Can we simply return to “traditionalism?” Well, which tradition? Even if one wants to define the Dissident Right as a religious movement, all the different creeds can’t be correct. A bland ecumenical Christianity or “Judeo-Christian values” is hardly a substitute for a real movement of faith. Matthew Rose rather vaingloriously ejected [10] the already dead Sam Francis from Western civilization itself in First Things because Francis discussed race realism instead of focusing on some “transcendent horizon” of a larger “social good.” Catholic “integralists” like Adrian Vermeule say [11] much the same thing, where belief in the Roman Catholic Church will mix with some rhetoric about the common good that wouldn’t be out of place in a Joe Biden speech, except for abortion.  
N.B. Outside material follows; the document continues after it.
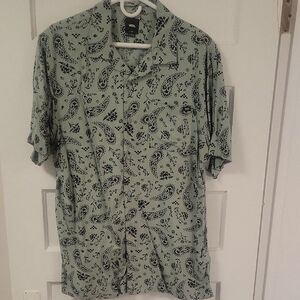 Vans Sage Green Short-Sleeve Button-Down with Black Paisley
The collapse [12] of American Christianity, the wholesale surrender of every mainline Protestant denomination, many Catholic parishes, the Southern Baptists [13], and even some Orthodox churches show the strategy of citing God as a moral absolute but behaving no differently than most progressives is a losing strategy. If such traditionalists truly believe that they can save the West with religious appeals, I’d challenge them to win back their own denominations before trying to win back America. 
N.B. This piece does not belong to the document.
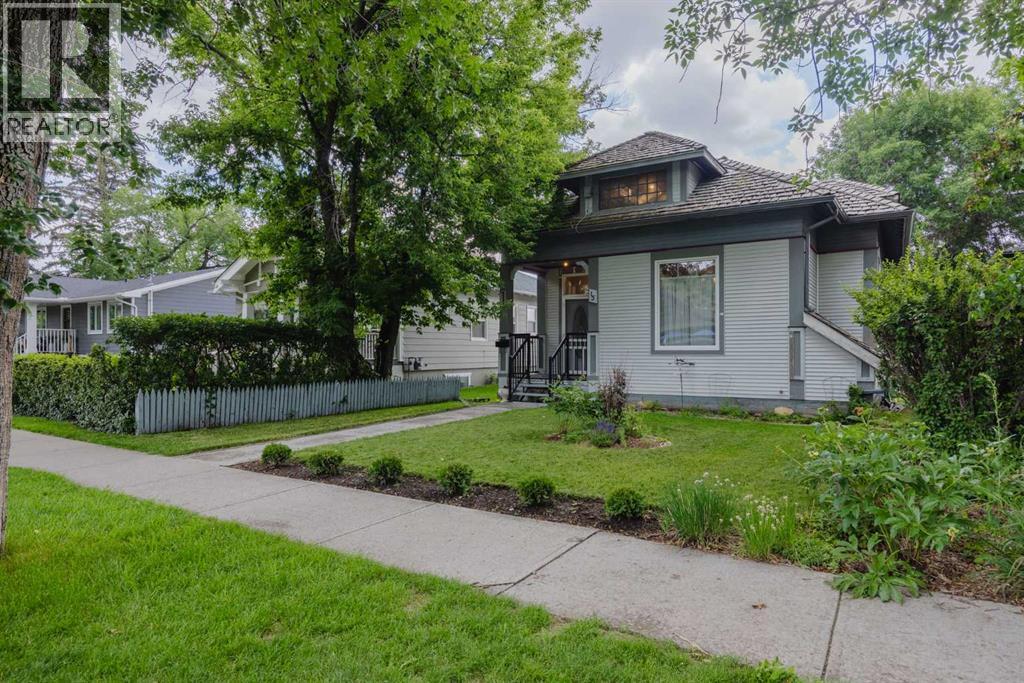 15 Elma Street W, Okotoks, Alberta  T1S 1J7 - Photo 3 - A2241158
Burnham and Francis show neither individualist political creeds nor mushy religiosity and nostalgia can counter the Left’s triumphal march through the institutions. The Right doesn’t even have a vocabulary to describe what’s happening to it. It focuses on the letter of the law or “norms” and expects progressives to restrain themselves. Yet progressives have a moral vision, and they will not let technicalities stop them. The result is that even supposedly hard-right Senators like Ted Cruz are reduced to whining [14] that the other team isn’t playing fair. This is true, because they are playing for keeps. It is no exaggeration to say that postwar American Right exists to tell the historic American nation that “our principles” forbid us from pursuing our interests. However, Republican lawmakers are clearly serving their interests by doing this, guaranteeing themselves a lucrative post-electoral job after losing respectably. 

Instead of engaging as “politics as wish” or trusting in institutions, we must examine the realities of power. We must understand how it works. We must do this without claims to the supernatural, to innate human decency, or to a vague optimism that the good guys win in the end. As Spengler said, “Optimism is cowardice.”
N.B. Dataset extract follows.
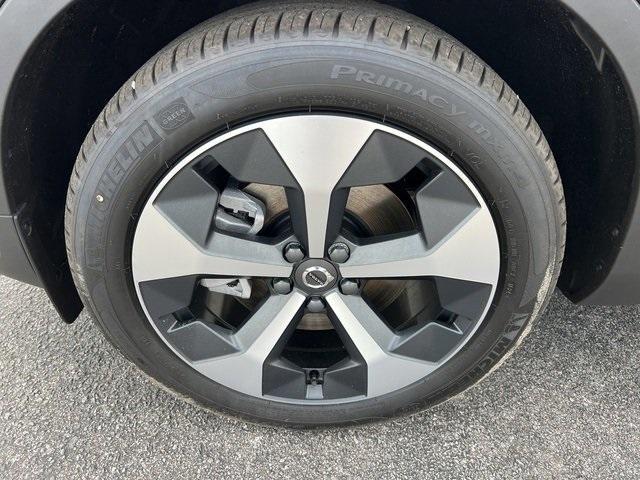 new 2025 Volvo XC40 car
Yet is it so simple? Burnham saw myth and religion as practical forces for building power. Francis notes that he focused on the “irrational and mythic forces of tradition and ideology” and the way they can sweep aside the decadent and complacent representatives of a dying order. We see this now, with the BLM faith [15], a faith complete with claims of supernatural deeds, rituals, and a cult of saints, pushing aside what remains of traditional Christianity in the same way early Christians ripped apart Mediterranean paganism [16]. Burnham coldly analyzes the power of myth, but does seem to miss something essential. Francis quotes Whittaker Chambers: “The Fire Bird is glimpsed living or not at all. In other words, realists have a way of missing truth which is not invariably realistic.” 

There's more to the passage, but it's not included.